Exports accounted for about 5 per cent of the wine produced but these days more than 60 per cent is exported and in the case of dry reds, more than 70 per cent is sent away.
But although exports are up, there are fewer wine producers and the size of vineyards are shrinking as the Australian industry struggles to cope with an estimated excess of about 1.5 million tonnes of grapes.
The latest annual Australian and New Zealand Wine Industry Directory shows the number of wine producers decreased for the second consecutive year to 2468 in 2016, down by 13 since 2015 and 105 fewer than the all-time peak of 2573 in 2014.
The directory lists Australian wine companies which have commercially sold wine every year since 1983.
Editor Elizabeth Bouzoudis says the number of wine producers is on a downward trend after three decades of booming growth, although winegrape intake has increased marginally to 1.7 million tonnes.
"We have to go back to 1987 to find the last time the number of wineries decreased for two consecutive years. We are seeing now the results of low profitability across the industry, and we believe there will be more exits from the list over the next year through closures and mergers.
"While that will mean difficult decisions for many producers, consolidation of winery numbers will ultimately lead to a stronger and more profitable industry," Bouzoudis says.
The change in the number of wine producers is uneven around the country.
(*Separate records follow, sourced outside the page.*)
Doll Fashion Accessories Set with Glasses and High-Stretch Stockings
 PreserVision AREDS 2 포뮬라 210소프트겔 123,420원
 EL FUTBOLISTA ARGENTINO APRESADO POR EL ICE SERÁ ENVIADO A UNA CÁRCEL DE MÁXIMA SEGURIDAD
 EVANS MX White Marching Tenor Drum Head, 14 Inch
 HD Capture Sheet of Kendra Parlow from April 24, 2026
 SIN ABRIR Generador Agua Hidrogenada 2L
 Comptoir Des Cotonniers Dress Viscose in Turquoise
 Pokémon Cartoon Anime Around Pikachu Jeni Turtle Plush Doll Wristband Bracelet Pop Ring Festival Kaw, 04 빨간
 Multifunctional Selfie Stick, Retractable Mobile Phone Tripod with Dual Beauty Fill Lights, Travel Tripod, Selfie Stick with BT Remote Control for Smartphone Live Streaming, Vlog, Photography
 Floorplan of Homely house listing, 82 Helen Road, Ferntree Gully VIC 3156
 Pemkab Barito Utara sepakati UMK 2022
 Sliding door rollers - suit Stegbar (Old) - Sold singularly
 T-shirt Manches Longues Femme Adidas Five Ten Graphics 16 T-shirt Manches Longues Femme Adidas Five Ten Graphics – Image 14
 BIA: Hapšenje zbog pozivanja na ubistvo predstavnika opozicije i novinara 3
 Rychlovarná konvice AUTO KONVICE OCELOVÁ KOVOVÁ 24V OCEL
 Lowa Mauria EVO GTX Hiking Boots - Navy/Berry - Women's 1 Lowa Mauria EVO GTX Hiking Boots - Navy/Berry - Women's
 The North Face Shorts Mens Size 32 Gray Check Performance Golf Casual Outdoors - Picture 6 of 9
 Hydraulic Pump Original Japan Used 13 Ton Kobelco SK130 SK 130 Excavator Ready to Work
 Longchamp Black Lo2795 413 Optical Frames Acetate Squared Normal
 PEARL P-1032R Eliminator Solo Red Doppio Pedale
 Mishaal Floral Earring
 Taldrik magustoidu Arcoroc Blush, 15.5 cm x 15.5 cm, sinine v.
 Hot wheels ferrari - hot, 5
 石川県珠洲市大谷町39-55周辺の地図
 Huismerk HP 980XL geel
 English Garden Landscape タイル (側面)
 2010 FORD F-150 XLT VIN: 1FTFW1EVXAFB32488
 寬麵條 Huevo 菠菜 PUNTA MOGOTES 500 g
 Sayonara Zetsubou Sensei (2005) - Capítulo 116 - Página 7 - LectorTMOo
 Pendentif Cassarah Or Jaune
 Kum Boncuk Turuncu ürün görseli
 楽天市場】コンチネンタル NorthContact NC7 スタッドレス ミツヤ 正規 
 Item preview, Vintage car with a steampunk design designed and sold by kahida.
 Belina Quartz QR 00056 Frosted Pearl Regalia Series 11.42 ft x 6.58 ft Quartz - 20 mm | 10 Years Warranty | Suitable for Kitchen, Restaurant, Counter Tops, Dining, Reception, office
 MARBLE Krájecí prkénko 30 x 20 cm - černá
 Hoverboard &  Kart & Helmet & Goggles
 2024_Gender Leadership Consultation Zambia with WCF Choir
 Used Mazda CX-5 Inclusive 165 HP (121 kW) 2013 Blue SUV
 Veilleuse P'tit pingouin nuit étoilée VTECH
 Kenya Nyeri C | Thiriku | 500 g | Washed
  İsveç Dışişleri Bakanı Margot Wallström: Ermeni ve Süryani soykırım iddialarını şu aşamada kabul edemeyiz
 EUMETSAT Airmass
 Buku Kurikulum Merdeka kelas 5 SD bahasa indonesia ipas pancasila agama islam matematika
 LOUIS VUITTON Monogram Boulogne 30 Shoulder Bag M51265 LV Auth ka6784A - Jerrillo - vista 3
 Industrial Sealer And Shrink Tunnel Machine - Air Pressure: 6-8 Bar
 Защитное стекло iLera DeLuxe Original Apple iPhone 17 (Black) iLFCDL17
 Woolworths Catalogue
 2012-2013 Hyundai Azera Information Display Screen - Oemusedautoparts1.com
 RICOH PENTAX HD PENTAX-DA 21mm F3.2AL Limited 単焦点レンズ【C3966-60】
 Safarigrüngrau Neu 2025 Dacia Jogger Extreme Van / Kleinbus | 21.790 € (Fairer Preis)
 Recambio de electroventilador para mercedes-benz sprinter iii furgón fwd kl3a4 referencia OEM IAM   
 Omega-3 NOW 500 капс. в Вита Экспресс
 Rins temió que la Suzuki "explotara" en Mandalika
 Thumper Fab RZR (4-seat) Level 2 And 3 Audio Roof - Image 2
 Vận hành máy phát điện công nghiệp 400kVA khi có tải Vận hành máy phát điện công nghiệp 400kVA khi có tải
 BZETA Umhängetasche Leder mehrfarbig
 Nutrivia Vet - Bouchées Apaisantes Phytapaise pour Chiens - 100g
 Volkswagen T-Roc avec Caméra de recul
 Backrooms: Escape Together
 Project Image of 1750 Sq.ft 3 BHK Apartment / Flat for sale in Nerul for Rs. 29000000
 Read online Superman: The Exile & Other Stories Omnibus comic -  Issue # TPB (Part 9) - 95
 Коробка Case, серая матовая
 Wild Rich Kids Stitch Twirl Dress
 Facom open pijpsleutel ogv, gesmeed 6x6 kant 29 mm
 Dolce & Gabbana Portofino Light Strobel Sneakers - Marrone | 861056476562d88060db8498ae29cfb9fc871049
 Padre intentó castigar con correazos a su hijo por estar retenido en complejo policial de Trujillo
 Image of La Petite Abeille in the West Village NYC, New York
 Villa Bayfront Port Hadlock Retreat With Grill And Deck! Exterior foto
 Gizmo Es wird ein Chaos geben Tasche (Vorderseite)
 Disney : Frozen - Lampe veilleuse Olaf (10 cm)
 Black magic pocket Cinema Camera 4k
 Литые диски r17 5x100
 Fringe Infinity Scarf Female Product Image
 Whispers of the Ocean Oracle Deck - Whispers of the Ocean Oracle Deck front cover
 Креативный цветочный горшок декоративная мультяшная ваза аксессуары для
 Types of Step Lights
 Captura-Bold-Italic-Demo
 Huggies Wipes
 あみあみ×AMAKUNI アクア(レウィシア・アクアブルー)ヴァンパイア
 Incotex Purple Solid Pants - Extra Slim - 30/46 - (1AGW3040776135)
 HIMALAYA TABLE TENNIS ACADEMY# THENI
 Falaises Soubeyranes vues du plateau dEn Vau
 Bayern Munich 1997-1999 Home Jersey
Numbers in NSW/ACT dropped from 469 to 463; they also fell in Queensland (85 to 79) and Western Australia (366 to 358) but rose slightly in South Australia, Victoria and Tasmania.
Responding to calls from industry bodies in recent years to reduce production, many grapegrowers have left the industry. This is reflected in the total area of Australia's vineyards continuing to decline in 2014-15.
The Australian Bureau of Statistics reported the total vineyard area in Australia, including not-yet-bearing areas, decreased by 9 per cent from 148,507 hectares in the previous survey in 2011-12 to 135,178 hectares in 2014-15.
ABARE says the vineyard area has declined 22 per cent from the record level of 2006-07, and is lower than any time since 1999.
At Lake's Folly Vineyard, winemaker Kempebelieves growers are responsible for their own destinies and he takes the rise and fall of the dollar, the weather and Mother Nature all in his stride.
He agrees climate change has had an impact and has watched harvests vary on the backs of El Niño and La Niña but most of all Kempe notes that the dormant period, the time when the vines rest and relax, has grown progressively shorter over the years.